The major problem with that little plan is that it left other state troopers and state employees who similarly opted to enter DROP and then received significant promotions or raises out in the cold because the amendment did not afford the same opportunity for them. Before it was revealed by LouisianaVoice and before State Sen.
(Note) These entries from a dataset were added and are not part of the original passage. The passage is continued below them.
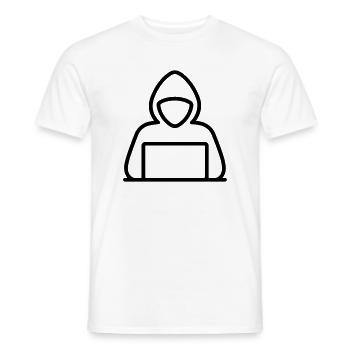 hacker - T-shirt homme - blanc - Devant - AI Model Male 178 dark (178cm)
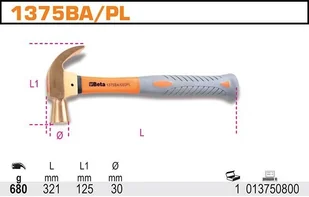 Beta MŁOTEK DO GWOŹDZI NIEISKRZĄCY 1375BA/PL - Młotki - miniaturka - grafika 2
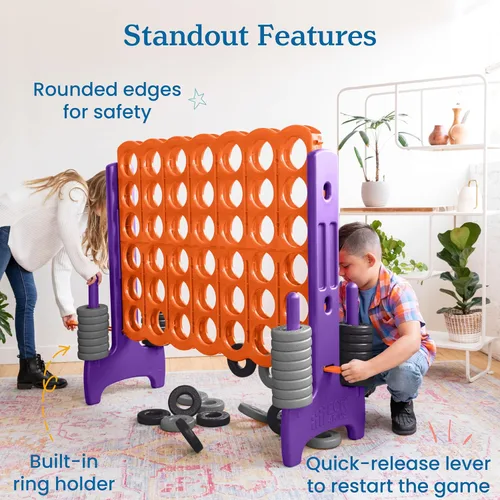 Miniatura 6 de ECR4Kids Jumbo 4-To-Score, Juego Gigante, Naranja, Púrpura Anaranjado/Púrpura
Dan Claitor successfully filed a lawsuit to prevent the move, Edmonson was in line for a whopping pension increase estimated as high as $100,000 per year when the raises to state police were factored into the equation. (Claitor, incidentally, was one of those voting in favor of Alario’s SCR 122 demonstrating, we suppose, that he does not hold grudges.)

Here are some other Edmonson actions we wrote about in 2014:

  • “Consultant” Kathleen Sill, placed on the state payroll and being paid $437,000 plus $12,900 in air travel for 21 flights for her between Baton Rouge and her Columbia, S.C. home.
  • DPS Undersecretary Jill Boudreaux’s taking a $46,000 cash payout incentive to retire early from her $92,000 per year salary as Deputy Undersecretary, plus about $13,000 in payment for 300 hours of accrued annual leave and then re-hiring herself two days later—with a promotion to Undersecretary and at a higher salary of $118,600—while keeping the incentive payment and annual leave payment. Then-Commissioner of Administration Angele Davis ordered her to repay the money but Davis resigned before she could follow through on her instructions. Under her successor, Paul Rainwater, the matter was quietly forgotten.
  • Boudreaux’s son-in-law Matthew Guthrie who, while employed in an offshore job, was simultaneously on the payroll for seven months (from April 2, 2012 to Nov. 9, 2012) as a $25 per hour “specialist” for the State Police Oil Spill Commission.
  • Danielle Rainwater, daughter of former Commissioner of Administration Paul Rainwater, who worked as a “specialist” for State Police.

And then there are the spouses brought into the fold.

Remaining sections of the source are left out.